17 Replies to “Temporarily Unexpected”

      1. A recession is when you lose your job. A depression is when you’re bummed out over losing your job.

    1. Don’t be silly … it will be a “transitory” depression. One that surprises our Treasury Sec. Janet Yellen

  1. The issue isn’t have a recession, even a sharp one. Such a high-interest bone-cruncher will kill inflation and set us right. The problem is if governments react to that like Hoover did-with spending and trade wars. Then we are in the most serious trouble.

    1. Thank god we have a competent “president” in charge. He’ll even kamala is a genius. Up here we’ve got one of the smartest prime minister’s in history.

      1. Certainly one of the smartest prime ministers named Trudeau in Canadian history. I’d rate him as at least the third smartest out of two.

      2. And our Deputy PM is the Financial Minister for the WEF. Just making sure the transition from the Canadian dollar to the new digital currency is a smooth criminal looting of the Deplorables.

    2. No it won’t. There won’t be a hard landing, there’ll be no landing at all. Because most of the cause of this inflation cycle is lack of supply and lack of labor. The Fed are addressing the WRONG part of the equation.

  2. Ghana just defaulted on external debt, and Sri Lanka is adopting the Indian rupee as their currency of trade. This is just the beginning. Lots of rotten crap is caving in.

  3. Expanding fiscally while contracting monetarily.
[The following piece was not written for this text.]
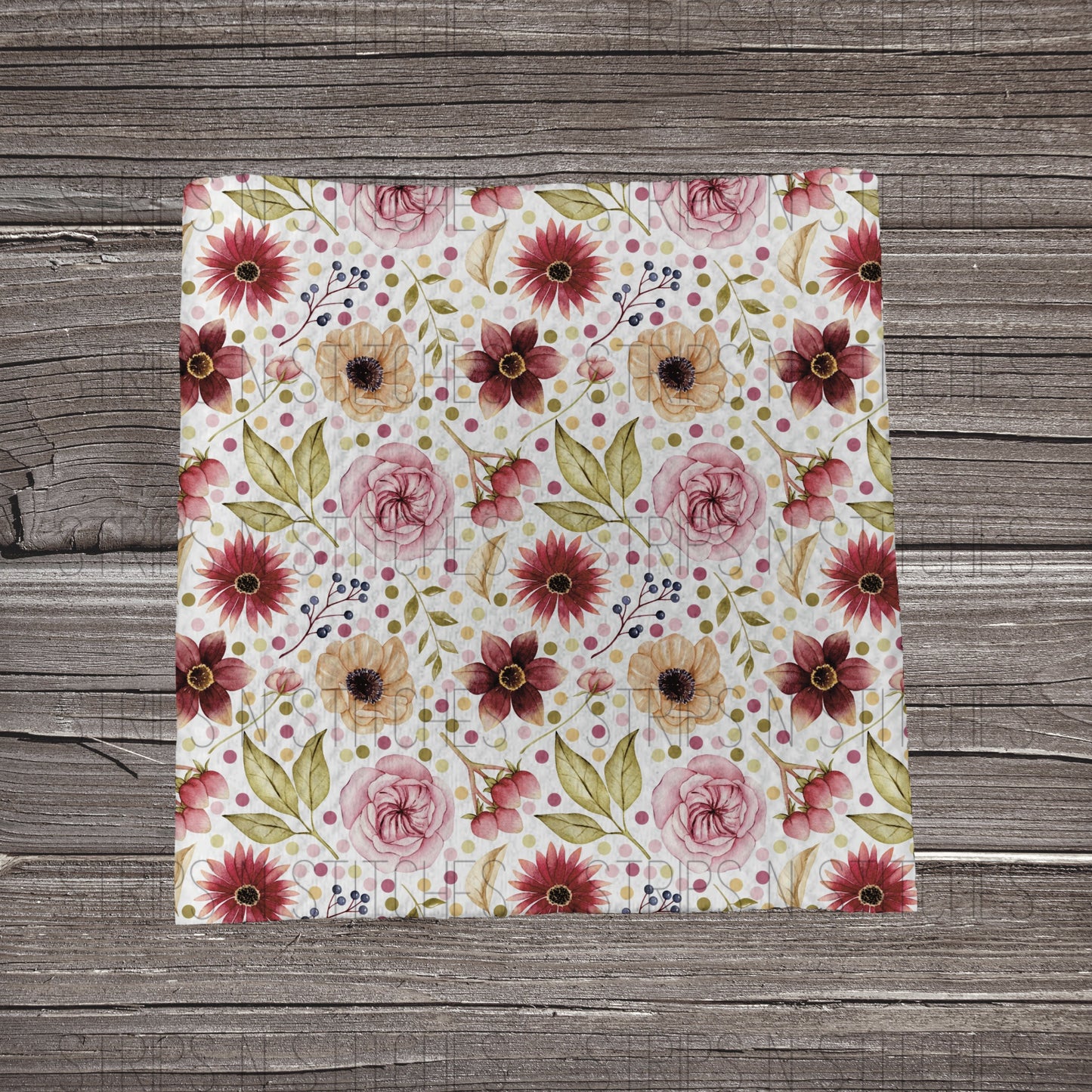 Maroon & Pink Flowers | Bullet Fabric Strip | Bow Making | Scrunchie |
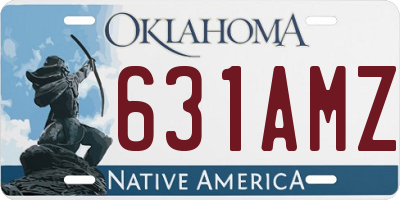 OK license plate 631AMZ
Not necessarily the formula for a quick happy ending. It was the fiscal fight the elder Trudeau moron fought in the 70s and 80s.

    1. Scar – but for some fortunate circumstance, and our own hatred of debt, we could well have been victims of PET’s “fiscal fight”. The fortunate circumstance was that – in the early 1980s when oil companies were laying off staff in the face of PET’s vendetta against them – spouse was kept on (we lost track of subsequent layoffs and contractions in the industry and are grateful spouse was able to work to retirement age) – and the second was that we had a mortgage through the company credit union which allowed us to pay extra each month. Thanks to those extra payments, we were able to weather the rise in our mortgage to 16% without having to increase payments. Many others were not so fortunate and became victims of PET’s economic ideology.

  4. Wasn’t it like the 2022 graph back in the late 70s? I’m not too sure on the timeline since I was only an early teen–but I remember hearing my parents say that their mortgage was 12% some time in the late 70s maybe early 80s.

    1. Mortgages were about 16% and higher in the early 1980s.
      My first mortgage in 1999 was 7.5%.
      Only take on debt if you can handle a significant rise in rates.
      Be honest with yourself.

  5. The reason rates are rising faster is that inflation is rising faster than previous episodes.

    That being said much of inflation is being caused by supply chain issues. And high interest rates worsen that problem rather than cure it.

    I don’t mind high interest rates. We need to get rid of stupid people and stupid money. Not do I mind a good recession to clean house. It’s what is required.